私があるベンチャー企業にいた頃、助成限度額が1,500万円で助成率が1/2の助成金を申請し採択を得ました。しかし助成限度額が1,500万円ということは先に3,000万円使わなければならないということです。当然、事前にそんな資金があるはずがないですから助成金の採択結果をもって融資を得るという計画で行っていました。事業の業績は芳しくありませんでしたが、何とか申請は採択されるに至って非常に喜んでいたのもつかの間、すべての金融機関から融資を断られてしまったのです。
今思えばですが、その私が属していた企業がブラックになっていたんですね。助成金審査もそこまで見抜けなかったのでしょう。融資が得られないのでその開発は難航を極め、ほとんど実践できない状態でした。何とか資金を作り少しずつ開発を行っていくという感じです。補助金・助成金というのは実施期間が決められています。多くは半年~2年なのですがその助成金は2年でした。つまり、2年が経過してしまうとその事業の経費であっても助成金が得られないのです。実施計画の延長を申請しては、危機を感じ、資金調達と開発を続ける日々でした。
期間終了時には何とか駆け込みで700万円発注と納品を済ませ、予定されていた納品物を作り最終的に900万円の事業経費分だけでも助成金をもらおうと事業完了の手続きを開始しました。しかし、最終的に認められた助成事業額は200万円。助成金はたったの100万円でした。せっかく1,500万円の助成金をとったのに、100万円しかもらえなかったのです。

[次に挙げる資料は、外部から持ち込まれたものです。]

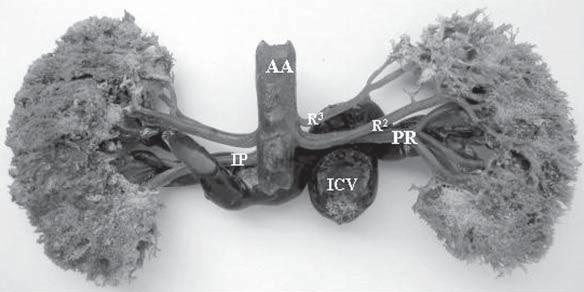Bilateral additional renal arteries; AA abdominal aorta; ICV inferior cava vein; LRV left renal vein; IP inferior polar; PR main renal artery. Figure 2.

理由はこうです。まず、納品物が間に合ったので事業完了としては受け付けて頂けました。しかし最後の700万円が分割で後払いにしていたので、この分の経費が対象外となりました。支払いがどうしても間に合わなかったのです。よって事前に処理していた200万円分だけが助成対象とみなされ、その半額の100万円の交付に至ったのです。
中小企業にはよくある話だそうです。特に資金が無くて予定されている納品物を作ることが出来ず、事業自体を断念する企業が毎回あると伺いました。補助金や助成金は採っただけでは事業はできず、そして最後に減らされてしまう可能性もあるのです。せっかくのチャンスを活かせなず、何とも歯がゆい思いをしなければなりません。
まずは計画の段階で資金の手当てを付けておかなければ無駄な労力を使うことになります。最悪でも自社で資金を用意できる企業でなければ、補助事業の遂行自体も難しいものとなります。